*** Opening of Given records ***

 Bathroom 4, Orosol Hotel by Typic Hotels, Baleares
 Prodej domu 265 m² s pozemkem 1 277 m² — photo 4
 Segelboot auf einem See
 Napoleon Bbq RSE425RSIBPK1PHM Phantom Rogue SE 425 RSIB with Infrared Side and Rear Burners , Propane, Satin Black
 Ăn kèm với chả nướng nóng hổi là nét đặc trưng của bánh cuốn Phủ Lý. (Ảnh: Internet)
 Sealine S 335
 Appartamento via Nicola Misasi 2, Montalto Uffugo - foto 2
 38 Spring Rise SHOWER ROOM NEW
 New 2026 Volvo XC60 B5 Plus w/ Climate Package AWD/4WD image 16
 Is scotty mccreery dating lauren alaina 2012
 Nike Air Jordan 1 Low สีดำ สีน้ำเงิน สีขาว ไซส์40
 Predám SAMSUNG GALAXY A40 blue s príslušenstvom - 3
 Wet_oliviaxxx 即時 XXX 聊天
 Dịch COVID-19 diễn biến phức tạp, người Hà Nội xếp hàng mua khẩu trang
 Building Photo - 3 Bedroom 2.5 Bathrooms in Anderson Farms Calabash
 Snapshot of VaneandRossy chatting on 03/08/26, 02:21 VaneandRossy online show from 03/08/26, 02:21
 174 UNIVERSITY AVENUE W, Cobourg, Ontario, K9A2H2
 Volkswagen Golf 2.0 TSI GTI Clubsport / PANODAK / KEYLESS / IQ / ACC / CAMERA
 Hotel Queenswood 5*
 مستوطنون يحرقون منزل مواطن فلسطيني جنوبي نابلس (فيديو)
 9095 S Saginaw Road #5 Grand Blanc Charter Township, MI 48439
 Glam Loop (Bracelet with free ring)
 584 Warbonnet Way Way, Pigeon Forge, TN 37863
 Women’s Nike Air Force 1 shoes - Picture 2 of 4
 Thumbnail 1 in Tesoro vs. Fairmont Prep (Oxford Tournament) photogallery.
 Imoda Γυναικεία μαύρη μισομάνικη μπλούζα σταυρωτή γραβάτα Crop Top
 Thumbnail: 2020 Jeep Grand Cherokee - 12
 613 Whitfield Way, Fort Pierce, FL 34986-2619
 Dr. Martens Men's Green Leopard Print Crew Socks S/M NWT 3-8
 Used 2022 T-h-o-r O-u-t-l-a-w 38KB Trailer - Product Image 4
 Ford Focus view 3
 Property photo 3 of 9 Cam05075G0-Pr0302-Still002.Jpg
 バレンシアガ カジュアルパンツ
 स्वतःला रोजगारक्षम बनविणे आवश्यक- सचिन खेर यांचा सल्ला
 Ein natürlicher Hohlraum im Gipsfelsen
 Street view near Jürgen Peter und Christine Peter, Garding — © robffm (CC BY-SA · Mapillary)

*** Close of Given records ***

§ What you need to do: The lines above from the one with "Appartamento via Nicola" through the one with "Imoda Γυναικεία μαύρη" are to be duplicated exactly, ends included, with nothing added.

§ Expected output:
 Appartamento via Nicola Misasi 2, Montalto Uffugo - foto 2
 38 Spring Rise SHOWER ROOM NEW
 New 2026 Volvo XC60 B5 Plus w/ Climate Package AWD/4WD image 16
 Is scotty mccreery dating lauren alaina 2012
 Nike Air Jordan 1 Low สีดำ สีน้ำเงิน สีขาว ไซส์40
 Predám SAMSUNG GALAXY A40 blue s príslušenstvom - 3
 Wet_oliviaxxx 即時 XXX 聊天
 Dịch COVID-19 diễn biến phức tạp, người Hà Nội xếp hàng mua khẩu trang
 Building Photo - 3 Bedroom 2.5 Bathrooms in Anderson Farms Calabash
 Snapshot of VaneandRossy chatting on 03/08/26, 02:21 VaneandRossy online show from 03/08/26, 02:21
 174 UNIVERSITY AVENUE W, Cobourg, Ontario, K9A2H2
 Volkswagen Golf 2.0 TSI GTI Clubsport / PANODAK / KEYLESS / IQ / ACC / CAMERA
 Hotel Queenswood 5*
 مستوطنون يحرقون منزل مواطن فلسطيني جنوبي نابلس (فيديو)
 9095 S Saginaw Road #5 Grand Blanc Charter Township, MI 48439
 Glam Loop (Bracelet with free ring)
 584 Warbonnet Way Way, Pigeon Forge, TN 37863
 Women’s Nike Air Force 1 shoes - Picture 2 of 4
 Thumbnail 1 in Tesoro vs. Fairmont Prep (Oxford Tournament) photogallery.
 Imoda Γυναικεία μαύρη μισομάνικη μπλούζα σταυρωτή γραβάτα Crop Top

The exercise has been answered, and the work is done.